Trump's stock market myth
Yes, U.S. stocks are up. But compared to the rest of the developed world, we’re near the bottom.
Donald Trump keeps bragging about the stock market.
The Dow hits 50,000. Stocks are booming. Best economy ever.
Technically, stocks are up. Since Trump returned to office, U.S. markets have gained roughly 14 percent. If you have a portfolio, it is probably higher than it was months ago. That part is real.
But that is not the full story.
Up compared to what?
A recent chart making the rounds shows U.S. stock returns under Trump ranking 21st out of 23 developed markets.
Read that again.
Out of 23 comparable wealthy countries, the United States is near the bottom. Global markets are up far more than the U.S. market. In some cases, triple the gains.
Investors are not limited to one country. Capital can flow to Europe, Asia, emerging markets. If the United States were uniquely strong and stable, money would be flooding here at a higher rate.
Instead, we are lagging.
Context is everything
This is where context matters.
When Joe Biden was in office and inflation surged, Republicans insisted that context did not matter. Inflation was high and therefore it was Biden’s fault.
But the full picture showed that inflation peaked higher in many peer countries and fell faster in the U.S. than in much of the developed world. If you compare properly, the U.S. was not uniquely failing.
Now we apply the same standard to Trump and the markets.
Yes, stocks are up. But compared to what?
If global markets are ripping higher while the United States is crawling by comparison, you are not dominating. You are underperforming.
It is victory messaging built on a partial chart.
Markets price in stability
The stock market is not a scoreboard for presidential speeches. It reflects investor expectations about stability, growth, and risk.
Since returning to office, Trump has delivered tariff fights, renewed trade battles, legal uncertainty, and frequent rhetorical volatility.
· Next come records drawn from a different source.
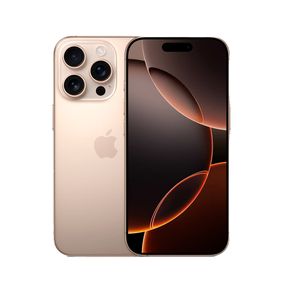 6038584-1.jpg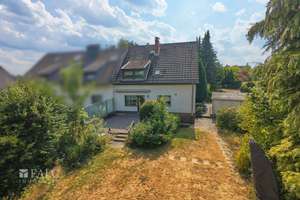 We are family - Wohntraum mitten in Aachen-Kornelimünster! – Alfons-Gerson-Straße 14, 52076 Kornelimünster, Aachen – Vorschaubild 24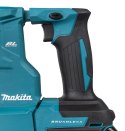 Młotowiertarka udarowa 18V DHR183Z MAKITA MAKITA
Markets do not love unpredictability. Investors want clarity about policy and long-term direction.
When the United States ranks 21st out of 23 comparable economies, that suggests global capital is seeing better opportunities elsewhere.
That undercuts one of Trump’s core myths. He markets himself as the businessman president, the markets guy, the dealmaker Wall Street loves.
But markets are comparative. They do not reward branding, they reward returns.
The Trump brand vs the numbers
There is an irony here that extends to Trump personally.
He famously turned a modest inheritance into billions. But analyses have shown that had he simply invested that inheritance in a broad stock market index fund and done nothing else, he likely would have ended up wealthier than through his various business ventures.
The lesson is the same.
You cannot evaluate performance in isolation. You have to ask what the alternative was. You have to ask how you did relative to your peers.
Right now, the United States market is up, but it is not leading. It is trailing.
The story they won’t tell
If you only listen to Trump or his allies, you would think the U.S. stock market is uniquely thriving.
The data show something more nuanced. Gains, yes. Dominance, no.
Capital moves toward stability and growth. When we lag 21st out of 23 developed markets, that is not a badge of economic supremacy, but a sign that investors see stronger prospects elsewhere.
Markets are up. That is good.
But context matters. And in context, the bragging looks a lot less impressive.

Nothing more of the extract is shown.